Does speaking in tongues prove that the Holy Spirit has come to a person?
Are those who speak in tongues more spiritual or closer to God than those who do not?
What role should tongue-speaking have in church meetings?
To answer these questions, we need to consult the Bible. First, let’s see what Jesus said about tongues.
Giving his disciples their commission, Jesus said: “Go into all the world and preach the good news to all creation. Whoever believes and is baptized will be saved, but whoever does not believe will be condemned” (Mark 16:15-18). Then Jesus predicted what would happen: “These signs will accompany those who believe: In my name they will drive out demons; they will speak in new tongues; they will pick up snakes with their hands; and when they drink deadly poison, it will not hurt them at all; they will place their hands on sick people, and they will get well” (verses 17-18).
These verses do not predict how often these signs would occur, or whether every believer would be involved in each of these signs, or whether believers should make special efforts to display these miracles. To answer such questions, we need to look at other scriptures.
The book of Acts describes incidents of casting out demons, healings and supernatural protection against deadly things. However, believers did not go out of their way to find demons or to be exposed to deadly things. In the case of healing, we know that there were times when it did not happen (2 Corinthians 12:7-10, for example).

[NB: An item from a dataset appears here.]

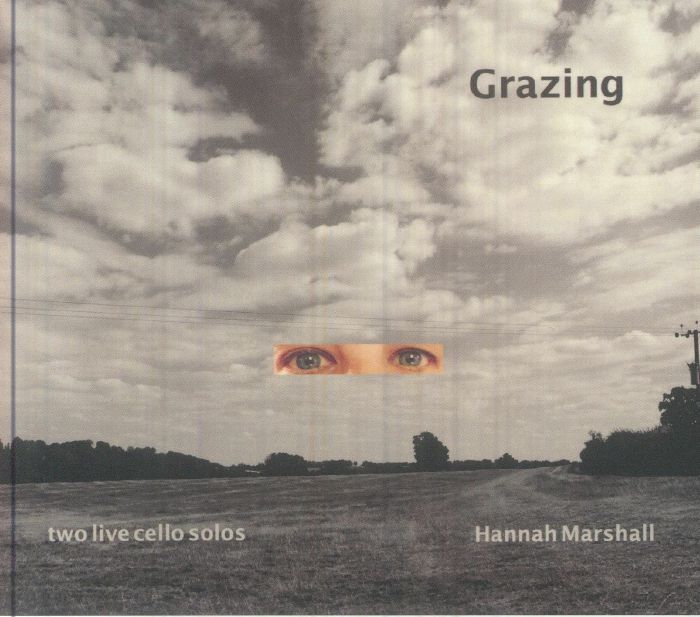 Grazing - CD CD cover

Mark 16:17-18 simply lists a few of the many types of miracles that God’s church would experience. This list is neither a command nor a promise for every Christian. To answer our questions about speaking in tongues, we must examine other scriptures.
Shortly after Christ had risen into heaven, his disciples were observing the annual festival of Pentecost (Acts 2:1). “Suddenly a sound like the blowing of a violent wind came from heaven and filled the whole house where they were sitting. They saw what seemed to be tongues of fire that separated and came to rest on each of them. All of them were filled with the Holy Spirit and began to speak in other tongues as the Spirit enabled them” (verses 2-4).